EXERCISE PROMPT — Could you restate word for word every line of the records below, from the first one to the one holding "818 - Kawasaki"?

RECORD EXCERPTS —
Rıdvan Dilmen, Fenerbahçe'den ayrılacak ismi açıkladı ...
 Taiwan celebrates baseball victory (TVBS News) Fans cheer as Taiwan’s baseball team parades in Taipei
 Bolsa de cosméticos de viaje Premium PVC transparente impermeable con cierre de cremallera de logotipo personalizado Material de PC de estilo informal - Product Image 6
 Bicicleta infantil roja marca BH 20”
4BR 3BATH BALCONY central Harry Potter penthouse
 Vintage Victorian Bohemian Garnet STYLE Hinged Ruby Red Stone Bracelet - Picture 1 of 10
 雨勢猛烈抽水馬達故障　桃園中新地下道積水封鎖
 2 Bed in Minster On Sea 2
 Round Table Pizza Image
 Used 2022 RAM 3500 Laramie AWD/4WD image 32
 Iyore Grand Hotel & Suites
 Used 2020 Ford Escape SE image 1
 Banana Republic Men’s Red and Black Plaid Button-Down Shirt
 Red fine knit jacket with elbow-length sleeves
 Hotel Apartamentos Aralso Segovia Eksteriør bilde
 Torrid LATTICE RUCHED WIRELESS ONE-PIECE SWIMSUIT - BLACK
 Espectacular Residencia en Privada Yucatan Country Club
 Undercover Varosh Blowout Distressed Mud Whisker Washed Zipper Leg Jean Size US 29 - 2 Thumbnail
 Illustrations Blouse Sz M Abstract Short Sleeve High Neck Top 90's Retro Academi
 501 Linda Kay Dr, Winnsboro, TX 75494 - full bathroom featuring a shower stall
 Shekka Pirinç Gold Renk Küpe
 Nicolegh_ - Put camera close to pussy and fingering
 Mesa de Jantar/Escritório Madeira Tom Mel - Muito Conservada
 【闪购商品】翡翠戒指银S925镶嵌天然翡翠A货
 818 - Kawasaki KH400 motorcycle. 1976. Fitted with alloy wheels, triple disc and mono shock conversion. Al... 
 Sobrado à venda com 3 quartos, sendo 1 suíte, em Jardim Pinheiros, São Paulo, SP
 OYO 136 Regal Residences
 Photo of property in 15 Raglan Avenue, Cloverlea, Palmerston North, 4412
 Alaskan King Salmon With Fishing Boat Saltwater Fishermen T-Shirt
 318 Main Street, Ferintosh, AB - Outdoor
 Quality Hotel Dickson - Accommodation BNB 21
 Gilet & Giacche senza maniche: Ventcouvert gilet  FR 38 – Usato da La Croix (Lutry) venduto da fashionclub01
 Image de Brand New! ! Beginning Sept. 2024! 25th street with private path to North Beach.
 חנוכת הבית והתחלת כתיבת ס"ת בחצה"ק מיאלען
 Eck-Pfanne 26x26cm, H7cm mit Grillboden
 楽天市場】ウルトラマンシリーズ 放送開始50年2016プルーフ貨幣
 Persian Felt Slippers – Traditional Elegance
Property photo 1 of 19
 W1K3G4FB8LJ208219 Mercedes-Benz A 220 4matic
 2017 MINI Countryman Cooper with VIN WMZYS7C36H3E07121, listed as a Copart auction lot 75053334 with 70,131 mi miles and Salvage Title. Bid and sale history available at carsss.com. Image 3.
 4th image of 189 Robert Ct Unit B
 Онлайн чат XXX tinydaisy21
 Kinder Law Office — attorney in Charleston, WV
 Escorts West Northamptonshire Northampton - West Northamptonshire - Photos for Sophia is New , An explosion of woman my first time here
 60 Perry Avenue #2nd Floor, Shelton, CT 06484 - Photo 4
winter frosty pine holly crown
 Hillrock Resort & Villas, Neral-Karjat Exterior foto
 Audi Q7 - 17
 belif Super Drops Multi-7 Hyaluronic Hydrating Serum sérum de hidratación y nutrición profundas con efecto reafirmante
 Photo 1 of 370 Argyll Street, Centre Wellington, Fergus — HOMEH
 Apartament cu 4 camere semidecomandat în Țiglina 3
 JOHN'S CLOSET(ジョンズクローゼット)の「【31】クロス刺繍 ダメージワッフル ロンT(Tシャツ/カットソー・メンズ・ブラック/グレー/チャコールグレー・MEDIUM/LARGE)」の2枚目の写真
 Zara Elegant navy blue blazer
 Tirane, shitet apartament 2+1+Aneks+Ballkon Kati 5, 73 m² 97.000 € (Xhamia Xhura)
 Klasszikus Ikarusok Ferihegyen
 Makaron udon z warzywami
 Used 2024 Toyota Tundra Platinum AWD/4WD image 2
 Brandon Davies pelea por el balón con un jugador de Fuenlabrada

OUTPUT —
Rıdvan Dilmen, Fenerbahçe'den ayrılacak ismi açıkladı ...
 Taiwan celebrates baseball victory (TVBS News) Fans cheer as Taiwan’s baseball team parades in Taipei
 Bolsa de cosméticos de viaje Premium PVC transparente impermeable con cierre de cremallera de logotipo personalizado Material de PC de estilo informal - Product Image 6
 Bicicleta infantil roja marca BH 20”
4BR 3BATH BALCONY central Harry Potter penthouse
 Vintage Victorian Bohemian Garnet STYLE Hinged Ruby Red Stone Bracelet - Picture 1 of 10
 雨勢猛烈抽水馬達故障　桃園中新地下道積水封鎖
 2 Bed in Minster On Sea 2
 Round Table Pizza Image
 Used 2022 RAM 3500 Laramie AWD/4WD image 32
 Iyore Grand Hotel & Suites
 Used 2020 Ford Escape SE image 1
 Banana Republic Men’s Red and Black Plaid Button-Down Shirt
 Red fine knit jacket with elbow-length sleeves
 Hotel Apartamentos Aralso Segovia Eksteriør bilde
 Torrid LATTICE RUCHED WIRELESS ONE-PIECE SWIMSUIT - BLACK
 Espectacular Residencia en Privada Yucatan Country Club
 Undercover Varosh Blowout Distressed Mud Whisker Washed Zipper Leg Jean Size US 29 - 2 Thumbnail
 Illustrations Blouse Sz M Abstract Short Sleeve High Neck Top 90's Retro Academi
 501 Linda Kay Dr, Winnsboro, TX 75494 - full bathroom featuring a shower stall
 Shekka Pirinç Gold Renk Küpe
 Nicolegh_ - Put camera close to pussy and fingering
 Mesa de Jantar/Escritório Madeira Tom Mel - Muito Conservada
 【闪购商品】翡翠戒指银S925镶嵌天然翡翠A货
 818 - Kawasaki KH400 motorcycle. 1976. Fitted with alloy wheels, triple disc and mono shock conversion. Al... 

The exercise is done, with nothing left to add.